Conundrum here. Just bought a Zamp 120 solar panel for Sunnyside. It has its own controller. I'd love to be able to just plug the puppy in, but my lovely Sunnyside has its own controller.
Cary has advised I disconnect the internal controller on the Camp Inn. Zamp has suggested that I simply let both controllers work together. Indeed here is what Zamp had to say:
What will happen is your battery's will charge from both controllers. As the battery's fill up to about 80% the dominate charger will take over and fill the battery's the rest of the way.
Do any of you have experience one way or the other? Two controllers present a problem?
Our first extended trip begins on Sunday. We are excited!
 
Wade and Nan. Cary always has well thought out answers.

My question is how long is the wiring from the solar panel to the Camp-Inn trailer? Voltage drop occurs with any distance run of wiring (the larger the wire gauge the less voltage drop per foot). I would think having the controller next to the battery being charged is better than having the controller at the solar panel. Therefore my thought would be to bypass the Zamp controller.

Maybe Cary address this concern.
 
Wade,

I believe the person at Zamp may have misunderstood the question. They answered it as if there were two controllers in parallel and two panels. That is not the case here. This would be two controllers in series. That just won't work.

Best to bypass one controller or the other. The other option (which I did no mention before) is to make a change to the trailer to reflect a current feature on 2016 trailers. That is a standard DC connection on the side of the trailer. It is there for two reasons, one would be a external connection to power things like fridges and such. The other would be for a panel like a Zamp to be connected. This connection runs on a fused outlet circuit in the trailer so connects right to the battery.

So, one could simply drill a hole in the side of the trailer behind the battery and mount either a watertight DC socket or install one of Zamp's external battery connectors. Then wire that to your battery with a inline fuse.

Cary
 
it's very easy to bypass the TD's onboard controller. That's the easiest approach, imo
 
For what it's worth, solar panels without a built-in controller are the exception rather than the rule these days.
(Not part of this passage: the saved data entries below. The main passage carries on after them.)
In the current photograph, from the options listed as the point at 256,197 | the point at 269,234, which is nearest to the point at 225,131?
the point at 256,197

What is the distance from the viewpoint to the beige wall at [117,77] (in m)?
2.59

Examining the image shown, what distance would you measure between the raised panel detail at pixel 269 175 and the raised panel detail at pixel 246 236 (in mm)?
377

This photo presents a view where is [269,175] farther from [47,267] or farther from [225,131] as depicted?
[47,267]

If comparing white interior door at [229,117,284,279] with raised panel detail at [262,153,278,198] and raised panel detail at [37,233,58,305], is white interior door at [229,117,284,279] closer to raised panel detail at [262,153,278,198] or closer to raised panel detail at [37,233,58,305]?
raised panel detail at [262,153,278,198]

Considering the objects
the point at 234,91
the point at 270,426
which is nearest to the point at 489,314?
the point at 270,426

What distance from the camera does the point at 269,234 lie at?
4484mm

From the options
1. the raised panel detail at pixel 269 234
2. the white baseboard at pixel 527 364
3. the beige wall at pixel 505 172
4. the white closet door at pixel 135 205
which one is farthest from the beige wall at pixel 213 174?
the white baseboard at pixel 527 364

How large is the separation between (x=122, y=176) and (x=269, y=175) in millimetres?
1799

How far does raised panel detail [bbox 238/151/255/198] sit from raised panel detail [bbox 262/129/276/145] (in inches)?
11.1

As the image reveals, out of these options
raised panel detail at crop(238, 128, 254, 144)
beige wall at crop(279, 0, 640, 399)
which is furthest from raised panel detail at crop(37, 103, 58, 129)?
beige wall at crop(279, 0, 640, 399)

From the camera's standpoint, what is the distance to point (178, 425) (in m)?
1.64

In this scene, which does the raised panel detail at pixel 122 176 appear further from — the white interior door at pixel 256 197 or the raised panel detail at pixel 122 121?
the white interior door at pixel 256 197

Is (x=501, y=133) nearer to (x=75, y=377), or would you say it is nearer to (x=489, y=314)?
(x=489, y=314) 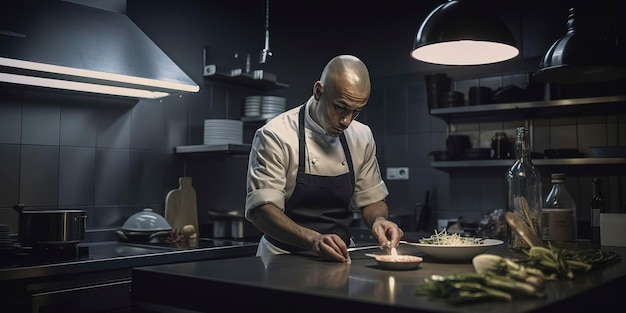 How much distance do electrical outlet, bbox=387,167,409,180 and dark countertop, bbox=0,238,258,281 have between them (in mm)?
1737

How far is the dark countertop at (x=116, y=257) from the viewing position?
2.50m

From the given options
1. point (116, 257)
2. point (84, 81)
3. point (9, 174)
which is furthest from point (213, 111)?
point (116, 257)

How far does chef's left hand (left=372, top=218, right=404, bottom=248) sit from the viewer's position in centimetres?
196

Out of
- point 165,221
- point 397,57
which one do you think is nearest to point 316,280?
point 165,221

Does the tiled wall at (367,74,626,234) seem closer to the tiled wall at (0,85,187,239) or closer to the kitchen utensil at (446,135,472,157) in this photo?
the kitchen utensil at (446,135,472,157)

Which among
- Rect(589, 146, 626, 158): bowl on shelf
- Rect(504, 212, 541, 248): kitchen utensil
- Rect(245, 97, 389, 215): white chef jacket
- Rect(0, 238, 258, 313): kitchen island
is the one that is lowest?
Rect(0, 238, 258, 313): kitchen island

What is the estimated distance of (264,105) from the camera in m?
4.33

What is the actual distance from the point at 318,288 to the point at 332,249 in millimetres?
479

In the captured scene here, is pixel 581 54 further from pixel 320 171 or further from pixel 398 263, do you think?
pixel 398 263

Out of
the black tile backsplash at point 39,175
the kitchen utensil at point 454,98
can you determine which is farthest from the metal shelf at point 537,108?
the black tile backsplash at point 39,175

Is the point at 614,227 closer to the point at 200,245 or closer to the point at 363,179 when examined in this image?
the point at 363,179

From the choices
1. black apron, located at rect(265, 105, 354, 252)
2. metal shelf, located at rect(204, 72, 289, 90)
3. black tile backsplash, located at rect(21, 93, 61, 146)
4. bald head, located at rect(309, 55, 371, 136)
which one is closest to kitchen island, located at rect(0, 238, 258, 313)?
black tile backsplash, located at rect(21, 93, 61, 146)

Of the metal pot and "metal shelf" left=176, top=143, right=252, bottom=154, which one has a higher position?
"metal shelf" left=176, top=143, right=252, bottom=154

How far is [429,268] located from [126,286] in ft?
5.48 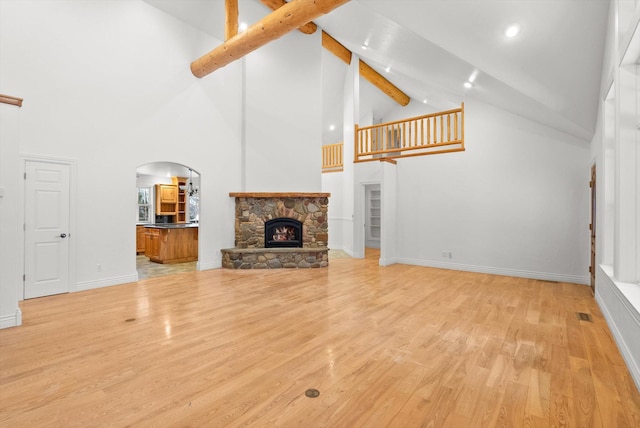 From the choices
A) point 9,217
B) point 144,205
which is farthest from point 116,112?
point 144,205

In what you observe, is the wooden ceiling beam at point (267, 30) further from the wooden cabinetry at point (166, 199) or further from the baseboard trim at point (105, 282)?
the wooden cabinetry at point (166, 199)

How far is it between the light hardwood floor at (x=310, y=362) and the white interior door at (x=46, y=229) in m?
0.33

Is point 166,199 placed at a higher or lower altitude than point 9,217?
higher

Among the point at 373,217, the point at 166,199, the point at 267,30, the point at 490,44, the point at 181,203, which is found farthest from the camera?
the point at 373,217

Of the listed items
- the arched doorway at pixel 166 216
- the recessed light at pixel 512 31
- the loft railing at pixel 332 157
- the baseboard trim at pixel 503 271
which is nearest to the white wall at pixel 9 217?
the arched doorway at pixel 166 216

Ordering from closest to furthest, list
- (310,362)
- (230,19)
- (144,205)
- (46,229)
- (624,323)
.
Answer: (310,362), (624,323), (46,229), (230,19), (144,205)

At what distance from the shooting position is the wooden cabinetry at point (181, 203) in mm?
10102

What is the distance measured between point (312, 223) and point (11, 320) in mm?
5037

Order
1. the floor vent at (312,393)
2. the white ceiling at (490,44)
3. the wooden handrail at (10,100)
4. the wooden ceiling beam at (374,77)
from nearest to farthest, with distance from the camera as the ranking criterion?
the floor vent at (312,393)
the wooden handrail at (10,100)
the white ceiling at (490,44)
the wooden ceiling beam at (374,77)

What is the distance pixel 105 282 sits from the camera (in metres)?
5.05

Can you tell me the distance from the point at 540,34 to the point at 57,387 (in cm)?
558

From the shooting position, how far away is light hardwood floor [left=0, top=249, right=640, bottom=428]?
192 cm

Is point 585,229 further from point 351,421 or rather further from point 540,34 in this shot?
point 351,421

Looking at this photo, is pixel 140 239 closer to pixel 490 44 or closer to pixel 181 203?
pixel 181 203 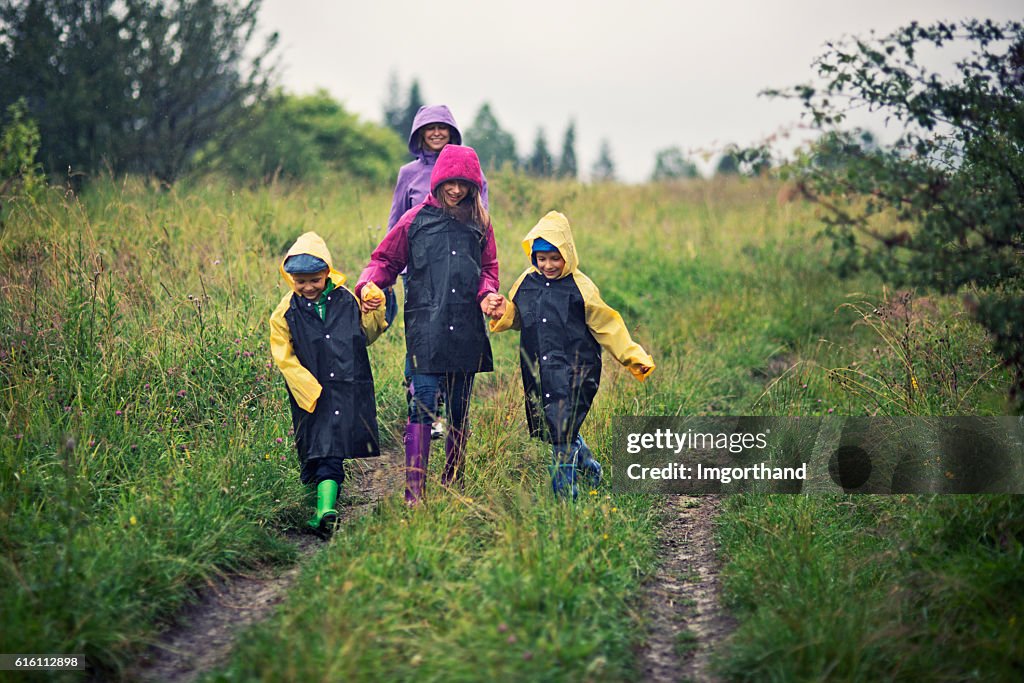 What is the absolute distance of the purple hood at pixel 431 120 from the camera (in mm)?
6098

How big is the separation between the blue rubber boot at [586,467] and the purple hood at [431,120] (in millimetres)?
2508

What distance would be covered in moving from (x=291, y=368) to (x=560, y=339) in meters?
1.48

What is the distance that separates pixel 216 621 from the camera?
3.83 metres

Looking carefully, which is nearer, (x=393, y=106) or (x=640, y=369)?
(x=640, y=369)

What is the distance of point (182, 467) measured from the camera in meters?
4.68

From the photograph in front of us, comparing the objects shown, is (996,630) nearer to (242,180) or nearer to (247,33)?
(242,180)

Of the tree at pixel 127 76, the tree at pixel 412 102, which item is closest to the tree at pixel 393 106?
the tree at pixel 412 102

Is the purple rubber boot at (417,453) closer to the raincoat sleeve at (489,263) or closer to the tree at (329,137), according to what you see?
the raincoat sleeve at (489,263)

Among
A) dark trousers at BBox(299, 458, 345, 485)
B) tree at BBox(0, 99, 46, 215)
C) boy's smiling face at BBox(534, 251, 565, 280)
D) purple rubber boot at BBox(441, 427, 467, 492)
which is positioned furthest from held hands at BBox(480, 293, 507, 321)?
tree at BBox(0, 99, 46, 215)

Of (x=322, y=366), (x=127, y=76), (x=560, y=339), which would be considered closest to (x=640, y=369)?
(x=560, y=339)

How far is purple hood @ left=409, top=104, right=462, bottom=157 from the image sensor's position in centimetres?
610

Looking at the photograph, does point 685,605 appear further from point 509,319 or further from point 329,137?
point 329,137

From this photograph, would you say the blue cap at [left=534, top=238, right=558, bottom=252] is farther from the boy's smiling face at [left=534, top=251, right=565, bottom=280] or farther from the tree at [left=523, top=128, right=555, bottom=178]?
the tree at [left=523, top=128, right=555, bottom=178]

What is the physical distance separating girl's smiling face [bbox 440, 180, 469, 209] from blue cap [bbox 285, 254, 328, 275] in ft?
2.62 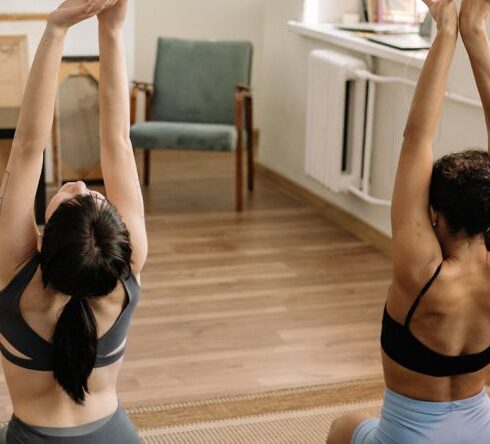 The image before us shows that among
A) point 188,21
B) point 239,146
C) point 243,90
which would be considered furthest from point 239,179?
point 188,21

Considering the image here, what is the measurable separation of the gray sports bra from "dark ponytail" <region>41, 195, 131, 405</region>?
0.03 m

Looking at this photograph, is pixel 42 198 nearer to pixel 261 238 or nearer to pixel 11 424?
pixel 261 238

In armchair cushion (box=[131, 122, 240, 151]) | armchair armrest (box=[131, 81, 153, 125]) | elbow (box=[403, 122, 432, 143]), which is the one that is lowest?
armchair cushion (box=[131, 122, 240, 151])

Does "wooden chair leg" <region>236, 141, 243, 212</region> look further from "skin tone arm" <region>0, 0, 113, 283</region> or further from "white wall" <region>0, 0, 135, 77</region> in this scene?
"skin tone arm" <region>0, 0, 113, 283</region>

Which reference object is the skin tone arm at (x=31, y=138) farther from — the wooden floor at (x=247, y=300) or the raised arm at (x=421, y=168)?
the wooden floor at (x=247, y=300)

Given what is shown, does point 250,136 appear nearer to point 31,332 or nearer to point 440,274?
point 440,274

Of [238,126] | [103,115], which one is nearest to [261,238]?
[238,126]

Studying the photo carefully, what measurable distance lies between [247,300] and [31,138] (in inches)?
98.1

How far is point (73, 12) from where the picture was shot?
1.78 meters

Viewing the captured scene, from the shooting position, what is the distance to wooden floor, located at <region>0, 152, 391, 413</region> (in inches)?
139

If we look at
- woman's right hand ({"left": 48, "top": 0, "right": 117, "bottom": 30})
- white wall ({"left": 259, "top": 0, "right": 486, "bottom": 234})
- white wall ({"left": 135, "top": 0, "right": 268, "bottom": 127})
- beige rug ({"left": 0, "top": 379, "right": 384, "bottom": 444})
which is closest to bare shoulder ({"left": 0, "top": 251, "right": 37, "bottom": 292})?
woman's right hand ({"left": 48, "top": 0, "right": 117, "bottom": 30})

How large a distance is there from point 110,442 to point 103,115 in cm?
64

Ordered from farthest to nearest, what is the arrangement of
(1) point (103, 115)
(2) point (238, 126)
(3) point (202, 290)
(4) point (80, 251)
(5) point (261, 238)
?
(2) point (238, 126) < (5) point (261, 238) < (3) point (202, 290) < (1) point (103, 115) < (4) point (80, 251)

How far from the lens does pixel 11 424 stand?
194cm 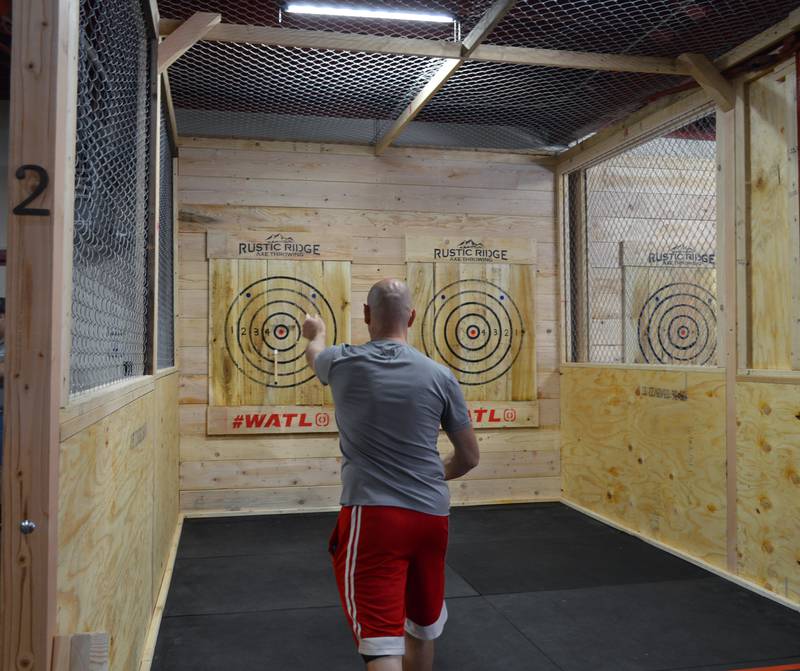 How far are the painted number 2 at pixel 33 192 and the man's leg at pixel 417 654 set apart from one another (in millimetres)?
1437

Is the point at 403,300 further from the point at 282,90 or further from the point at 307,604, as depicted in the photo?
the point at 282,90

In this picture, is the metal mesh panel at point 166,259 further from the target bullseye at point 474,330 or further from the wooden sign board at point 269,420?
the target bullseye at point 474,330

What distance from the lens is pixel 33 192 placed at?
1.25 m

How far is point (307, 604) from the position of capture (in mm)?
3268

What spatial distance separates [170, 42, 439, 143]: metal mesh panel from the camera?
12.8 ft

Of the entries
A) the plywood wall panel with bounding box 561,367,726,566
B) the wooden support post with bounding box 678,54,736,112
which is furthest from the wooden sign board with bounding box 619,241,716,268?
the wooden support post with bounding box 678,54,736,112

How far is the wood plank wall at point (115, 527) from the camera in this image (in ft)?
4.64

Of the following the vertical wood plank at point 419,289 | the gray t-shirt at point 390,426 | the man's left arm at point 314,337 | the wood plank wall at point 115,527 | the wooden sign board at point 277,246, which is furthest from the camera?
the vertical wood plank at point 419,289

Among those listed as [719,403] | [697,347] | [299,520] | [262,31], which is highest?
[262,31]

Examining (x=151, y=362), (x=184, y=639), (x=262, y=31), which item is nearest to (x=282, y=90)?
(x=262, y=31)

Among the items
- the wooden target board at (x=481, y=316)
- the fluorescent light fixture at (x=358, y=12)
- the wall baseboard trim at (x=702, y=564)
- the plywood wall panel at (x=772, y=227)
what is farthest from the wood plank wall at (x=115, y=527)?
the plywood wall panel at (x=772, y=227)

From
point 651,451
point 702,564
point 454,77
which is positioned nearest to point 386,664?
point 702,564

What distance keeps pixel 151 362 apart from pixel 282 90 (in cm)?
213

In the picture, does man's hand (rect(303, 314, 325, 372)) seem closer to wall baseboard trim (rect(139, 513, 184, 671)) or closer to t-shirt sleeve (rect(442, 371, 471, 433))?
t-shirt sleeve (rect(442, 371, 471, 433)) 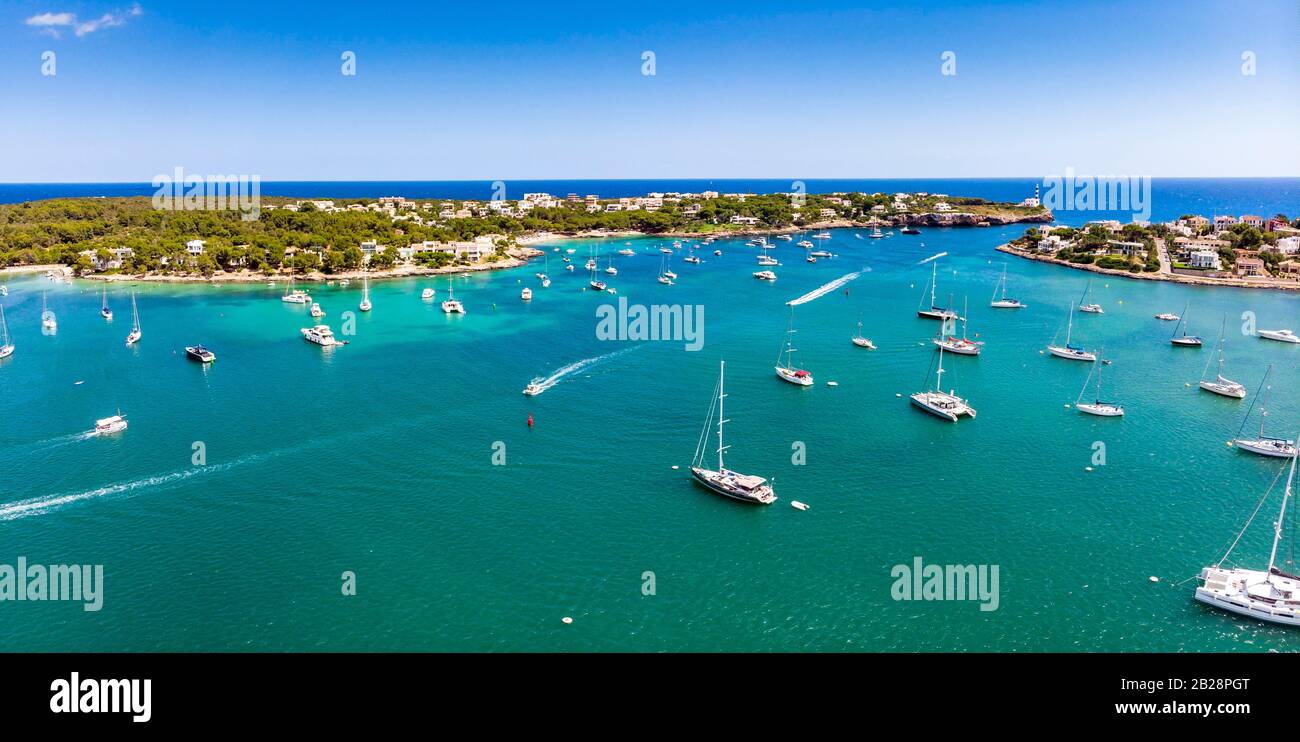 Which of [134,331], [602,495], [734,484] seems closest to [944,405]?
[734,484]

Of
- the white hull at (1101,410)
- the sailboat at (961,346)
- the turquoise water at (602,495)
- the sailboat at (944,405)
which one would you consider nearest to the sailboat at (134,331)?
the turquoise water at (602,495)

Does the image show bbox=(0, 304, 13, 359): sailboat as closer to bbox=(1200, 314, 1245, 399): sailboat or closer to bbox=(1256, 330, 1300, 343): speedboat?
bbox=(1200, 314, 1245, 399): sailboat

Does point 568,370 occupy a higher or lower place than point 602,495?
higher

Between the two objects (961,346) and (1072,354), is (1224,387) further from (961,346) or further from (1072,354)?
(961,346)

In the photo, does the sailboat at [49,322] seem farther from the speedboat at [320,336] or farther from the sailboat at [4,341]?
the speedboat at [320,336]

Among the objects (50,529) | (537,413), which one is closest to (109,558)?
(50,529)

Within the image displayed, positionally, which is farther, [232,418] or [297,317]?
[297,317]

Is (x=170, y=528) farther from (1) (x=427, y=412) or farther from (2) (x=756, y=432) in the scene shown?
(2) (x=756, y=432)

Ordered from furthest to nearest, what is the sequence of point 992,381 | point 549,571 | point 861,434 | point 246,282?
1. point 246,282
2. point 992,381
3. point 861,434
4. point 549,571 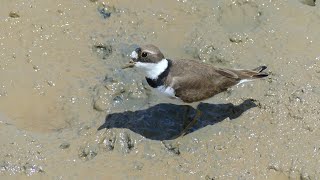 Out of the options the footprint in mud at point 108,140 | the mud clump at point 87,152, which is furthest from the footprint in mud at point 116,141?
the mud clump at point 87,152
It's hard to find one without a built-in controller. We had our 560 built with the external female cigarette lighter style socket to pulg in the solar panel and no CI controller. Worked out well for the Solarland panel that we purchased that came with a cigarrete lighter style plug. That stated, cigarette lighter style plugs have also become the exception. I would recommend selecting your panel before the build begins and seeing if Cary can add the appropariate female external socket to match your panel.

Randy
 
In preparing for our trip, we are re-reading the manual. I see the fuse chart on page 19. So a question / possibility arises...
Instead of disconnecting the wires from the on board controller to allow the Zamp controller to function on its own, what if I simply took out the fuse for the Camp In Controller?
This sounds too easy, so there must be something wrong.
Let me have it, I'm used to being laughed at...
 
Wade and Nan said:
In preparing for our trip, we are re-reading the manual. I see the fuse chart on page 19. So a question / possibility arises...
Instead of disconnecting the wires from the on board controller to allow the Zamp controller to function on its own, what if I simply took out the fuse for the Camp In Controller?
This sounds too easy, so there must be something wrong.
Let me have it, I'm used to being laughed at...

:)

In the time you have waited for the answer, you could have disconnected the controller....(I don't know the answer)
 
You have choices. You can pull the fuse on the controller, but then the connector on the side of the trailer will be dead; plugging your panel there won't charge the battery. You can plug the panel with controller in any of the other sockets and it will work. If you want to use the external socket, you must have the fuse in place and bypass either the trailer controller or the panel controller.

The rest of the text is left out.